Last month brought big news for tech enthusiasts from the E3 technology conference, held in Los Angeles in early May.
With the conference came the announcement that Sony, the console gaming market leader with its PlayStation 2 machine, would unveil its PlayStation 3 in November.
According to Brain Hawkins, owner of Hawk’s Games in Soldotna, his customers were talking about the console, meant to be an answer the Microsoft Xbox 360 introduced last November, but the talk wasn’t so much about impressive game-play or the draw of the ultra high-resolution discs the system will use. The talk was of the unit’s $600 price tag.
“It does look really exciting, but I think that $600 price tag will scare some people off,” Hawkins said.
The PlayStation 3 will use Blu-ray technology for its high definition DVD games, which is one of two competing technologies vying to become the industry standard for the next generation of video and video games. Blu-ray, which allows the playback of movies at a resolution nearly as high as a film on a movie screen, is why the new machine will cost so much initially.
The Xbox will offer an add-on device for its 360 that will allow users to use HD DVD, the competing high-resolution format, although Microsoft has yet to announce the price of the item.

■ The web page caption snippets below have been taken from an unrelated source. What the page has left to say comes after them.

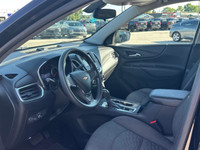 The 2019 Chevrolet Equinox LT in a classic color merges the convenience of an SUV with the agility o... (image 7)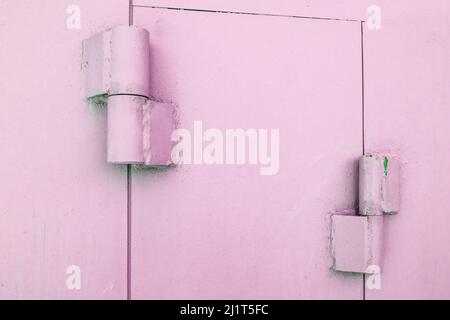 Primo piano delle cerniere metalliche sui cancelli di un garage in metallo, verniciato di rosa, all'aperto Foto Stock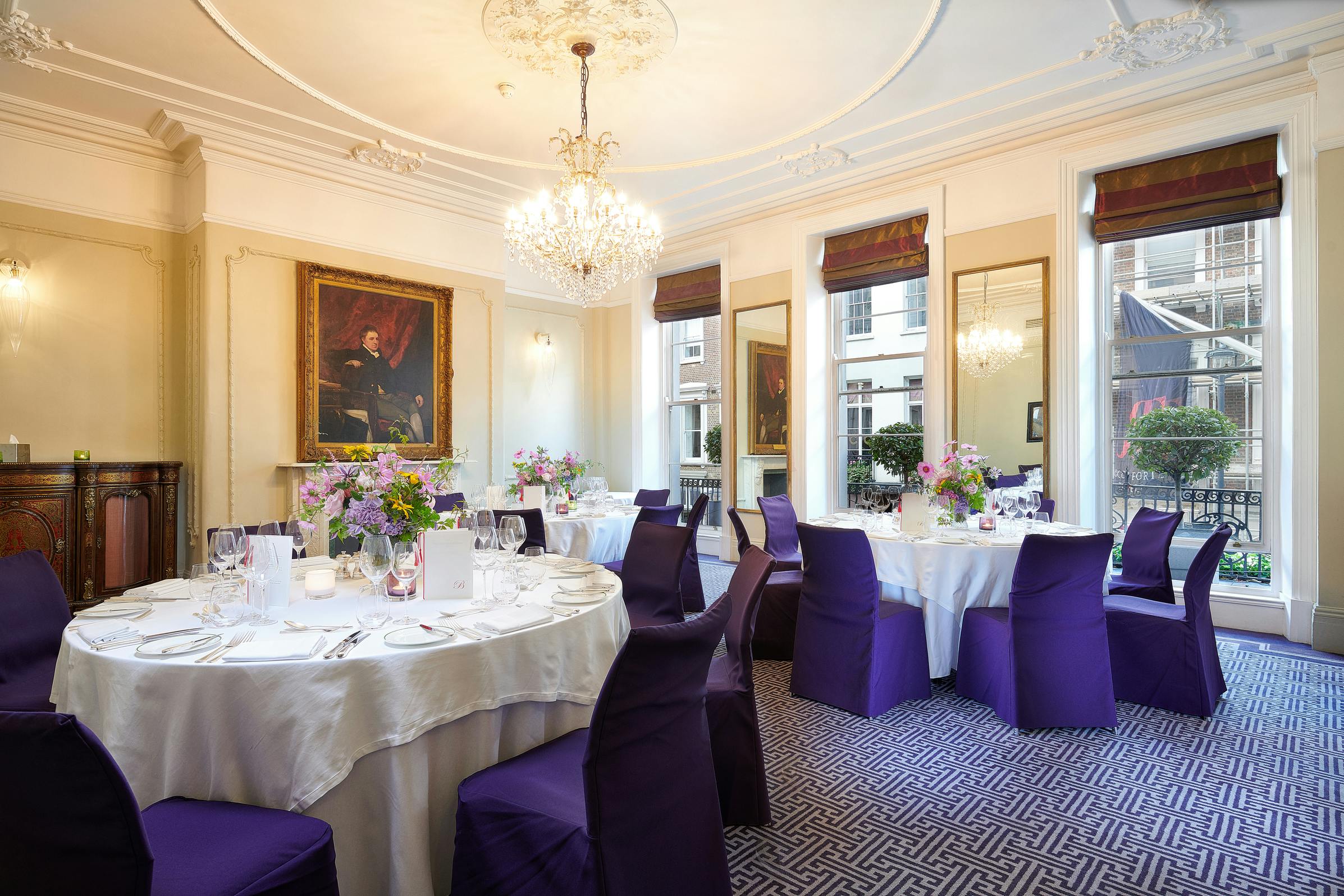 Elegant meeting space at Brown's Hotel with white linens and purple chair covers.
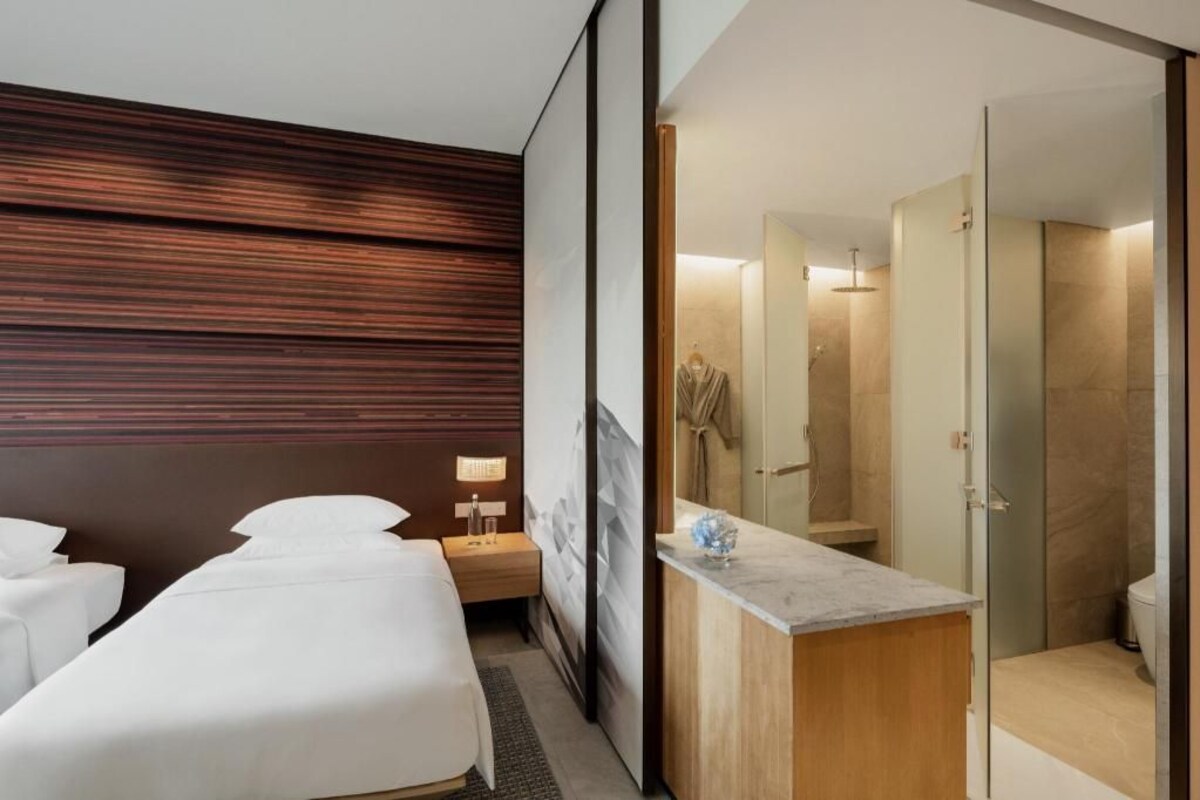 Una habitación de hotel con cama, mesita de noche, lámpara y baño con ducha e inodoro.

Nintendo also kept its mouth shut at E3 on the price of its new machine, Wii (pronounced “we”). Bloggers and industry-watchers at Web sites like www.wired.com expect the price to be about $150, however.
The Wii won’t be a high-definition machine with an enormous hard drive or wireless online capabilities, but it does have a motion sensitive controller that lets players mimic golf swings or sword battles. That, and the bargain price, Hawkins said, should make the system a hit. As far as he can tell, however,
“The peninsula is more of an Xbox community.”
Hawkins pre-sold his first run of Xbox 360 units months before the machine’s November 2005 debut and has since sold many more, despite the $400 price tag. Players are drawn to the online game-play that allows live chatting with other players, he said.
The intense graphics offered by the 360 help, too, but one title in particular stands out for his customers: “The Elder Scrolls IV: Oblivion.” Incidentally, the game also is amazon.com’s top seller.
“It’s just such an epic game,” Hawkins said. “The environment is huge.”
The game sends players on a role-playing adventure that pushes players to find the assassin of the Emperor of the fictional land of Cryodiil. “Oblivion,” which is the fantasy land’s version of hell, has opened up, too, which makes the mission a bit more difficult, to say the least.
PlayStation 2 is still a popular console, despite the Xbox the abundance of Xbox fans in the area, and Hawkins pointed to another role-playing title as a hit for his PS2 customers: “Kingdom Hearts III.”
Trevor Johnson, a Funny River resident and Play Station2 gamer is a fan of the Sony-exclusive “Final Fantasy” series, upon which “Kingdom Hearts III” is based. Johnson has focused much of his recent gaming time on finishing his Kingdom Hearts mission.
“The actual game only took about 25 hours, but there were a lot of extra things I did, so I really put in about 40 hours,” Johnson said.